Published by Evan Louise Madriñan on

By elmads

Do you remember these companies, Kodak, Blockbuster, Enron, General Motors, Chrysler, Toys R Us, and Thomas Cook? I guess some of you do remember it, while some doesn’t.

These are companies that went into bankruptcy. Some of you might be asking “If that is the case then why are some of them are still operating in this day and age? like General Motors and Kodak?”. That is because, bankruptcy doesn’t automatically translate to the closure of a company’s business operations.

There are various types of bankruptcy in this world, and each one has different ways into tackling the problem. There are different causes for a company to go under and have problems within their finances and operations, but one of the most popular causes of bankruptcy is debt.
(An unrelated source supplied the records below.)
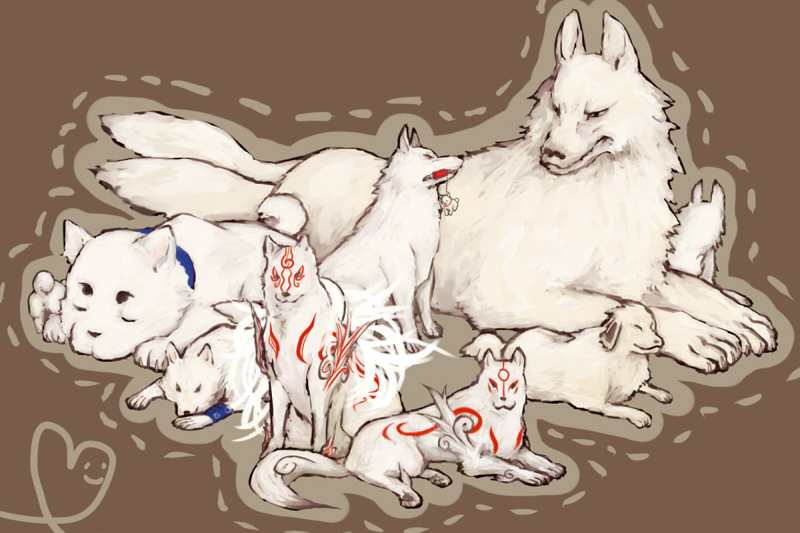 amaterasu, sadaharu, moro, akamaru, shiro, and 1 more (naruto and 4 more) drawn by nico-nico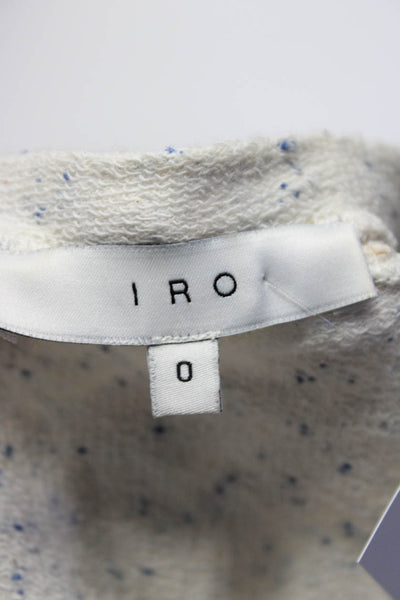 IRO Womens Leola Speckled Short Sleeve Crew Neck Knit Top Ivory Blue Size 0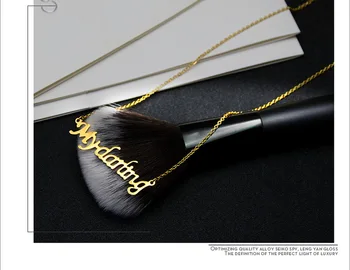 

Stainless Steel Name Necklaces Personalized Name Pendant Necklaces Birthday Gift Gold Color English Letter Custom Colorfast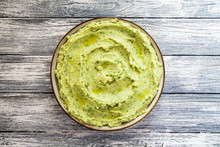 Healthy Avocado Hummus With Olive Oil. Vegetarian Concept. Selective Focus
The inability to pay their liabilities to their creditors.

Moreover, bankruptcy is not only confined to companies, but also to individuals like ourselves. Some people tend to drown themselves in debt and create an unescapable downward spiral. This causes for their debt interest payments to shoot up, to the extent that even their salary alone cannot pay it anymore.

This is where filling for bankruptcy will be a wise decision that both companies and individuals can take. Remember, it would be smart to ask for help and assistance when we are caught up in a tight position.

The word Bankruptcy came from an Italian word “Banca” meaning Bench, and Latin word “Rupt” meaning Broken. Banking origins and its widespread practice started in 14th Century Italy, where merchants and bankers trade on benches in Venice. If a banker lost money due to poor investments and mishandles his/her banking operations, then the bench where that banker did his/her transactions was said to be broken afterwards.

Bench Broken = Bankruptcy.

The popular and most widely utilized method of bankruptcies in the US are Chapter 7, Chapter 11 and Chapter 13.

Chapter 7 Bankruptcy

It is known as the Liquidation Bankruptcy (applicable for both companies and individuals).

This is the most common form of bankruptcy. It is for persons who are deep in debt and wants to have a fresh start in life. It is a quicker and faster to start life a new.

In this bankruptcy, all of our unsecured debts will be washed away, eliminated and be erased in our name by the government. This just mean that we do not have any legal obligation to pay these debts anymore.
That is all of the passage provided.